Good day fellow roasties!

Keeping a logbook of your roasts, well, for some is a necessary evil while others enjoy and excel in handwriting.

Especially for beginners it might be a frightening thought to also fiddle with new hard- and software. On the other hand it can come in very handy: automating the task of accurately gathering temperature data (and more) enables the newbie to focus on roast and roaster. Enthusiasts will benefit from the archives they're building, so further self-education is at your fingertips. For a new business, achieving consistent results is one fundamental pillar to set sail, as is inventory management.

There is a growing variety of tools out there. So, I've decided to collect info on different roast logging software solutions in a single thread.

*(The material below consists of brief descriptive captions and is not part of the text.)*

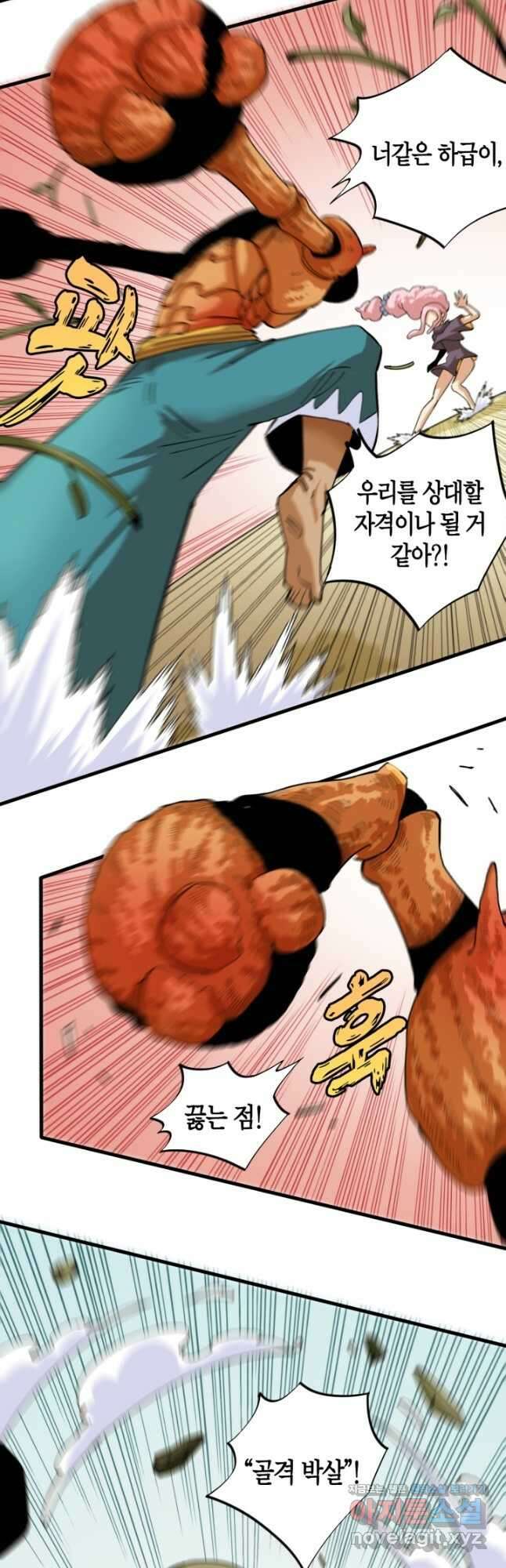 멸망한 세계를 되살리는 방법 93화 3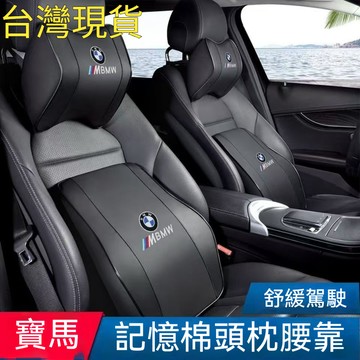 ✨真皮✨ BMW專用 寶馬頭枕護頸枕 座椅靠枕 汽車真皮頭枕護頸枕墊 3係 5係 7係 1係 X1X3X4X5X6腰靠墊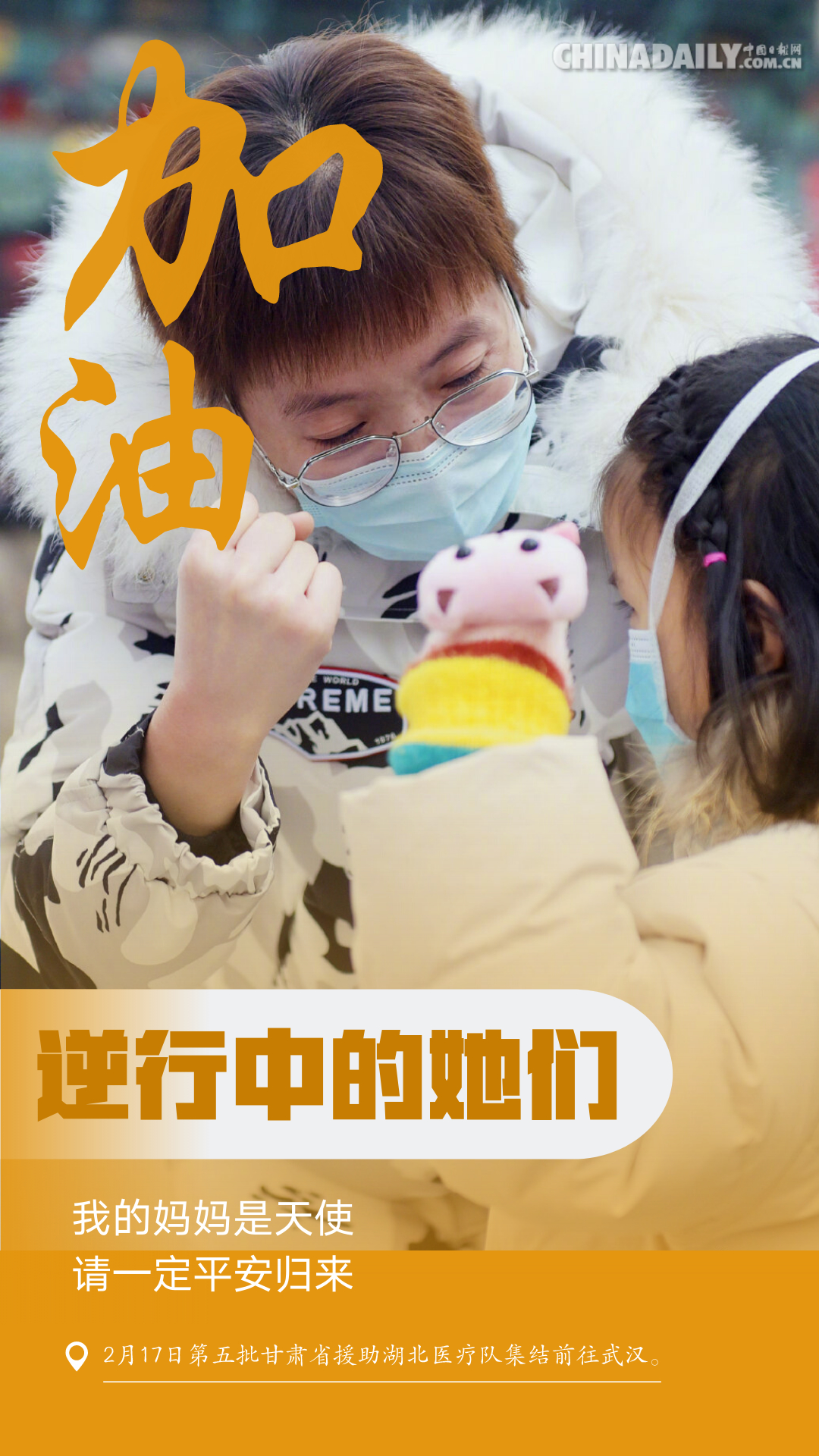 「中国日报网」【海报】战“疫”女性力量：嫁衣换战袍 压痕铸勋章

Please feel free to contribute by replying, I will add your comments to the first post, subsequently.

Filling in the blanks might take a while, but let's at least kick it off today









Disclaimer: I am not at all affiliated with any of these projects/companies/links | they don't appear in any particular order | there's no claim for the following collection to be complete... whatsoever... this is just a forum post.

I. SOFTWARE AVAILABLE FOR FREE (users please donate)

1. Artisan: https://github.com/artisan-roaster-scope/artisan

2. Typica: https://typica.us/

3. RoastLogger: http://roastlogger.co.uk/coffee/roastlogger/roastlogger.htm

4. RoasterThing: http://roasterthing.com/

II. SOFTWARE AVAILABLE FOR PURCHASE

1. Cropster: https://www.cropster.com/products/roast/

2. RoastLog: https://roastlog.com/tour/overview/

3. Roastmaster: https://rainfroginc.com/roastmaster-overview


----------